After finding the line containing "3 Photograph of" below, please output that line and each following one through the line containing "Tommy Hilfiger Men", exactly as written.

§

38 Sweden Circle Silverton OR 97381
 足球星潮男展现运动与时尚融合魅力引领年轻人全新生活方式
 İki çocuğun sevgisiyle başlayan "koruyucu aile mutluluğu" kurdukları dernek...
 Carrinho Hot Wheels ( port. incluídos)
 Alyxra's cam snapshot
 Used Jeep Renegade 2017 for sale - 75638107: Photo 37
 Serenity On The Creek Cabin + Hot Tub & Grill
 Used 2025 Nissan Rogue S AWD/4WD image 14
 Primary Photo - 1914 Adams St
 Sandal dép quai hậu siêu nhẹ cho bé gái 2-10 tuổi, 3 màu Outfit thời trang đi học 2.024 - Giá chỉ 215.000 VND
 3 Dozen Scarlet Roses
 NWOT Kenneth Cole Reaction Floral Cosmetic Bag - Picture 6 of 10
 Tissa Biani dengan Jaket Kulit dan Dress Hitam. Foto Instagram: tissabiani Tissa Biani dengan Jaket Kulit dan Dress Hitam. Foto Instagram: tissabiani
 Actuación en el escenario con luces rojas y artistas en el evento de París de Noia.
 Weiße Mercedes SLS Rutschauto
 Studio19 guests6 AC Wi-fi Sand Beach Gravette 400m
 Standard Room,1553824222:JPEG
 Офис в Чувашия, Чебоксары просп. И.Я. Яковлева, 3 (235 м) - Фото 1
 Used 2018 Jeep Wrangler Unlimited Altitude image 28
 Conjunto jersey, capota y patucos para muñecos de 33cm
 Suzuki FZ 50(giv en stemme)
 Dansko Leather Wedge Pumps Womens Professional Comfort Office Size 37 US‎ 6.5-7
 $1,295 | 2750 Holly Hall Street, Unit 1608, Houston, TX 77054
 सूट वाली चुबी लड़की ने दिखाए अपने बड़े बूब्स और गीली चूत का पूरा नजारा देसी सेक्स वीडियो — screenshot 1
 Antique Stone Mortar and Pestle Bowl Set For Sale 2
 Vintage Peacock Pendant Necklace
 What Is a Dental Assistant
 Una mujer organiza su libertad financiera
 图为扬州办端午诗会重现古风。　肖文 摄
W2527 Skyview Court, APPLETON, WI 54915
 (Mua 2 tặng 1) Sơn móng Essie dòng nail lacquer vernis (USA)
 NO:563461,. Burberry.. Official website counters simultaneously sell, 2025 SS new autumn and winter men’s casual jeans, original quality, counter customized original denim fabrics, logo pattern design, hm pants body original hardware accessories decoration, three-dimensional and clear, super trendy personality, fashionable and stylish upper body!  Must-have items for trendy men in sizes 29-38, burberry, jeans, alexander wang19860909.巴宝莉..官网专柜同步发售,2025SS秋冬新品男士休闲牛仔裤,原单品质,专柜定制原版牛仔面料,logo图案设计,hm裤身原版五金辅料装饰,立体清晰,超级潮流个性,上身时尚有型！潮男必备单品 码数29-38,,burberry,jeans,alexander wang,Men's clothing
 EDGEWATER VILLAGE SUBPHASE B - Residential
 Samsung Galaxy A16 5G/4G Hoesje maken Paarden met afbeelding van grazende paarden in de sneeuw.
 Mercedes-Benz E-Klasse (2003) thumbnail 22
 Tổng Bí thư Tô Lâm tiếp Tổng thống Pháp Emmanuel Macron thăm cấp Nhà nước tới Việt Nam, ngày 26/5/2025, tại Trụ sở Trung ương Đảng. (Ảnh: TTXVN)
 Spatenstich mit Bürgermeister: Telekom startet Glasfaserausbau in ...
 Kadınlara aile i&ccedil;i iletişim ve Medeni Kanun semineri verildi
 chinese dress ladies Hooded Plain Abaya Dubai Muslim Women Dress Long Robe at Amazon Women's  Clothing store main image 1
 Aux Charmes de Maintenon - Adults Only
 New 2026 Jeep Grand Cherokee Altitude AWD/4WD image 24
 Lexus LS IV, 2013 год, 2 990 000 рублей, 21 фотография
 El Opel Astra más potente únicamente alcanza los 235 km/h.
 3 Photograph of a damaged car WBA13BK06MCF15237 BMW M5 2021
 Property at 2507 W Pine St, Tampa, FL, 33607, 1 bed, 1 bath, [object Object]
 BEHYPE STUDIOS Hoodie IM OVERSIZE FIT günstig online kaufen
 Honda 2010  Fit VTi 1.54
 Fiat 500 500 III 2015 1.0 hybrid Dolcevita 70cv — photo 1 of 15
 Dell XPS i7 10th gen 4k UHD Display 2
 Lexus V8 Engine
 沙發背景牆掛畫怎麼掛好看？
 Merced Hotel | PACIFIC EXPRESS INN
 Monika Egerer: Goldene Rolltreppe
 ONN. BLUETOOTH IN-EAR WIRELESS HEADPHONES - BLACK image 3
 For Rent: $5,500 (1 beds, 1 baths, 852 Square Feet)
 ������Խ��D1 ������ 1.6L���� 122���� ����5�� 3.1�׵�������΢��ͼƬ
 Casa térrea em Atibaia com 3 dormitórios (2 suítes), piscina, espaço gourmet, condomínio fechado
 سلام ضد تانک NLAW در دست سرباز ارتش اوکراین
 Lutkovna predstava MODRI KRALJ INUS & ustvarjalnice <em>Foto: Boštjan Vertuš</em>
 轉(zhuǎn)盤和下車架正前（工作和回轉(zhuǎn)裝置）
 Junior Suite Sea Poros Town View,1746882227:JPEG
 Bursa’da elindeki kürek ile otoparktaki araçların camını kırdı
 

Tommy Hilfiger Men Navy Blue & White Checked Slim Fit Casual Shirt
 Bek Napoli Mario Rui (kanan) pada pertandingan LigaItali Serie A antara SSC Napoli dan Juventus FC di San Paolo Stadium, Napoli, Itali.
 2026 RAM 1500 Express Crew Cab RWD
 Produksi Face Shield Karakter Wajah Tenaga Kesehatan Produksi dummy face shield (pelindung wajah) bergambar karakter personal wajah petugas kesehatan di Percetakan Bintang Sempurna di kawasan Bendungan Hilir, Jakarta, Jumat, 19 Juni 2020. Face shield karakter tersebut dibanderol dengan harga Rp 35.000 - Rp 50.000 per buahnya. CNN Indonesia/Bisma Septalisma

§

== ANSWER FOR THE TASK ==
 3 Photograph of a damaged car WBA13BK06MCF15237 BMW M5 2021
 Property at 2507 W Pine St, Tampa, FL, 33607, 1 bed, 1 bath, [object Object]
 BEHYPE STUDIOS Hoodie IM OVERSIZE FIT günstig online kaufen
 Honda 2010  Fit VTi 1.54
 Fiat 500 500 III 2015 1.0 hybrid Dolcevita 70cv — photo 1 of 15
 Dell XPS i7 10th gen 4k UHD Display 2
 Lexus V8 Engine
 沙發背景牆掛畫怎麼掛好看？
 Merced Hotel | PACIFIC EXPRESS INN
 Monika Egerer: Goldene Rolltreppe
 ONN. BLUETOOTH IN-EAR WIRELESS HEADPHONES - BLACK image 3
 For Rent: $5,500 (1 beds, 1 baths, 852 Square Feet)
 ������Խ��D1 ������ 1.6L���� 122���� ����5�� 3.1�׵�������΢��ͼƬ
 Casa térrea em Atibaia com 3 dormitórios (2 suítes), piscina, espaço gourmet, condomínio fechado
 سلام ضد تانک NLAW در دست سرباز ارتش اوکراین
 Lutkovna predstava MODRI KRALJ INUS & ustvarjalnice <em>Foto: Boštjan Vertuš</em>
 轉(zhuǎn)盤和下車架正前（工作和回轉(zhuǎn)裝置）
 Junior Suite Sea Poros Town View,1746882227:JPEG
 Bursa’da elindeki kürek ile otoparktaki araçların camını kırdı
 

Tommy Hilfiger Men Navy Blue & White Checked Slim Fit Casual Shirt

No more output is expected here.